In Michigan, a mismatch between the number of ballots reported and the number of ballots found in the box would seem like a good reason for a recount … except apparently not.
The computerized poll book listed the names of 848 voters who cast ballots there, but the ballot box contained just 847 ballots. So where is the other ballot? The poll workers' notes offered no explanation.
"It didn't match on the canvass and it doesn't match now," said Joe Rozell, Oakland County's director of elections. "This precinct is not recountable.
One missing ballot is enough to declare a precinct “not recountable?” This is happening a lot, and knocking out counts in hundreds of districts.
In Wayne County, about one-third of precincts showed discrepancies during the November canvass, said Krista Haroutunian, chair of the Wayne County Board of Canvassers. Those discrepancies could make those precincts — 610, including 392 in Detroit — ineligible for recount, though a final decision has yet to be made.
Plus: the Michigan legislature works to make recounts too expensive to contemplate, Maine takes a second look at its marijuana vote, and the Green Party goes before the judge in Pennsylvania.
Also in Michigan, the Republican-controlled state legislature is working on a bill specifically designed to punish the Stein campaign.
The Michigan House Elections Committee will hold a hearing at 9 a.m. Tuesday on a bill that would require candidates who have lost a race with less than 5% of the overall vote to pick up the entire cost of a recount if they request one. The bill is worded to take effect retroactively, which could force Green Party presidential candidate Jill Stein to pick up the entire cost of the recount, instead of just the $125 per precinct — or $973,250 — that's prescribed under state law, and which she already has paid. State officials have estimated that the recount will cost at least several million dollars.
A retroactive bill specifically aimed at one person. Sure. Why not.
In Wisconsin there have been five days of counting—and counting—but little has changed.
The fifth day of tabulating was wrapping up for 66 counties Monday evening, while six — Crawford, Forest, Green Lake, Iron, Menominee and Price counties — have completed their recounts.
So far the margin between Republican Donald Trump and Democrat Hillary Clinton isn’t changing much. In total, statewide, the president-elect ended the day with an additional 85 votes and Clinton ended the day with a net gain of 48 votes. Those numbers don’t include Milwaukee County, which didn’t include absentee votes, so they don’t paint an accurate picture of where the vote stands. But Trump won the state by 22,000 votes, so Monday’s changes make a very minimal difference.
In Pennsylvania the Green Party has filed their federal suit, while the latest numbers in the Keystone State still hover outside the range required for an automatic recount.

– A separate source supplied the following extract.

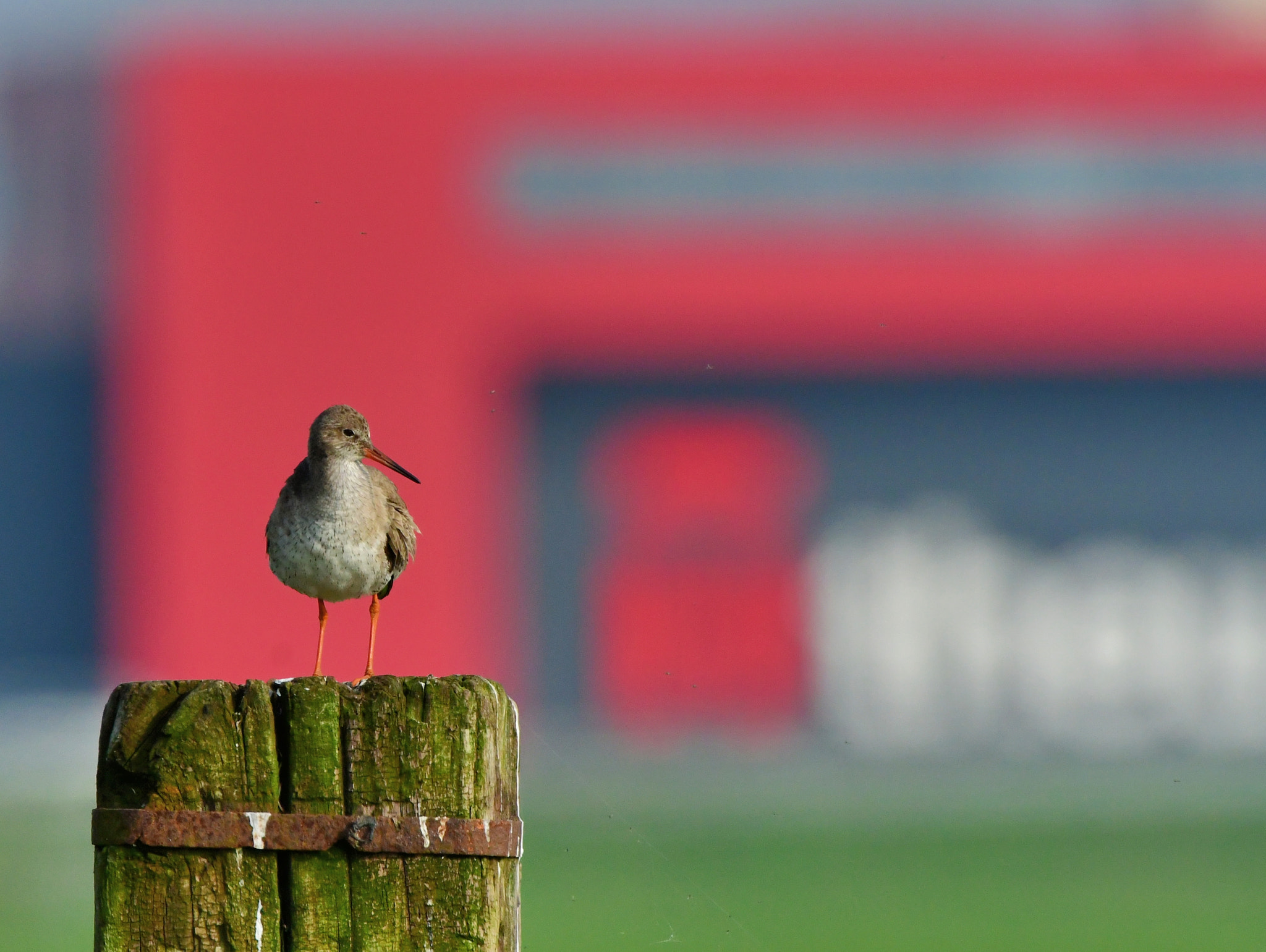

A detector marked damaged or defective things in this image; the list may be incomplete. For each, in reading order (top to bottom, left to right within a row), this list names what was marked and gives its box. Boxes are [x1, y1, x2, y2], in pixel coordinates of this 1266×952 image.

rusty metal bracket [90, 806, 519, 856]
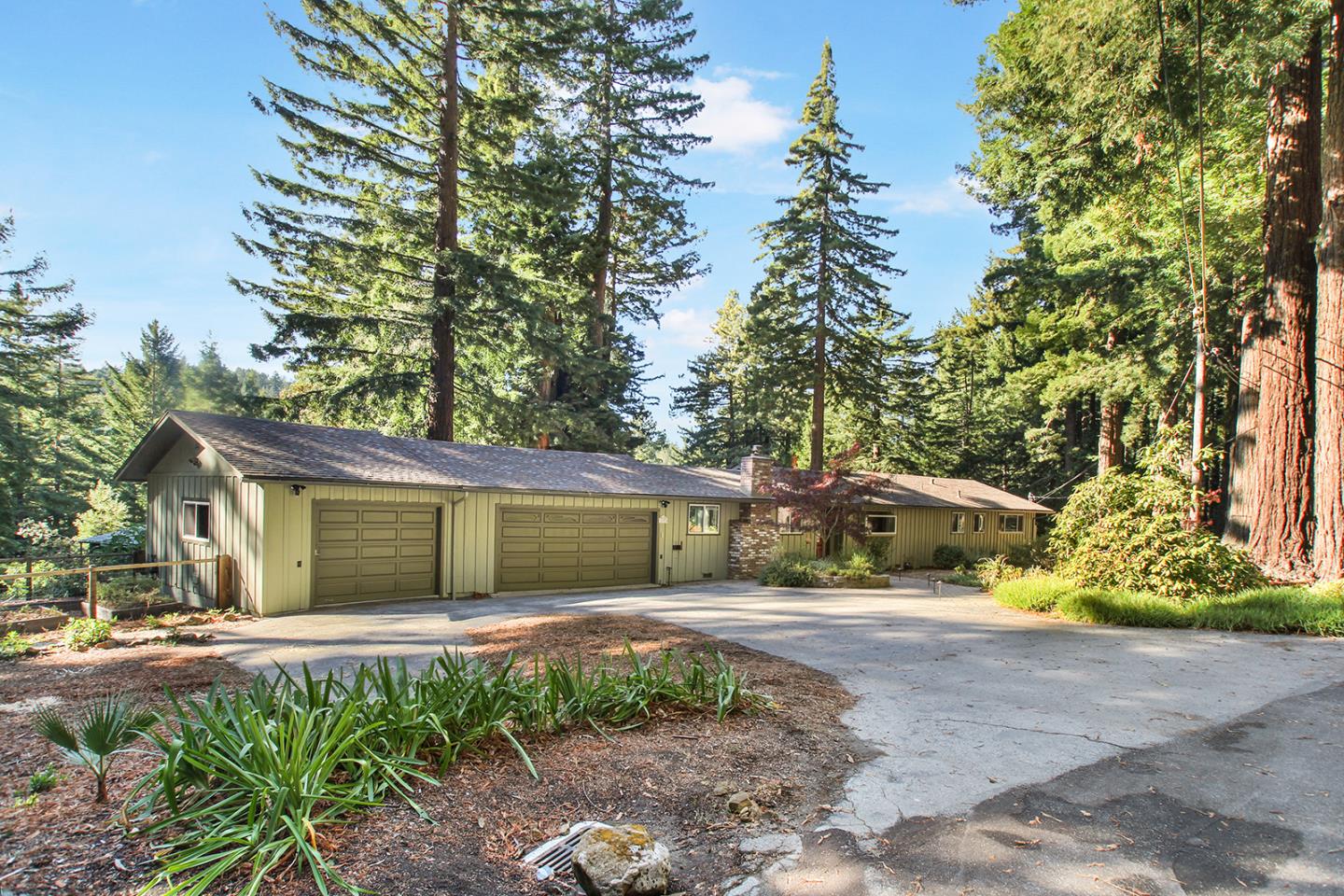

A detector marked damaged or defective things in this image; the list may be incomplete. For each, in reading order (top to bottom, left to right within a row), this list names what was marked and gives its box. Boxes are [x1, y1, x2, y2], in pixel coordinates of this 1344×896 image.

An updated count Monday by state election officials showed Trump's lead shrinking to 47,750 over Clinton, out of 6 million votes cast, as more counties finished counting overseas ballots and settled provisional ballot challenges. That is still shy of Pennsylvania's 0.5 percent trigger for an automatic statewide recount. Final counts are outstanding in some counties, but there are not enough uncounted votes to change the outcome, officials say.
Stein’s suit focuses on a forensic evaluation of voting machines, which are particularly worrisome.
Pennsylvania is one of 14 states that make exclusive or partial use of electronic voting machines without a paper backup. Of 23,725 machines certified for use statewide, 22,123 record votes electronically and leave no paper trail, according to the Department of State. The machines store votes electronically and can produce a paper record of the overall tally after polls close. But there is no way for individual voters to confirm their choices were recorded accurately in the first place.
Meanwhile, it looks like there may be a late entrant to the recount race in a place where we all have bad recount memories.
Three central Florida voters are mounting an unlikely bid to overturn the presidential election result in the Sunshine State.
In a lawsuit filed Monday in Leon Circuit Court, they assert that Hillary Clinton, not Donald Trump, actually won Florida. The plaintiffs, who live in Osceola and Volusia counties, say the state’s official election results were off because of hacking, malfunctioning voting machines, and other problems.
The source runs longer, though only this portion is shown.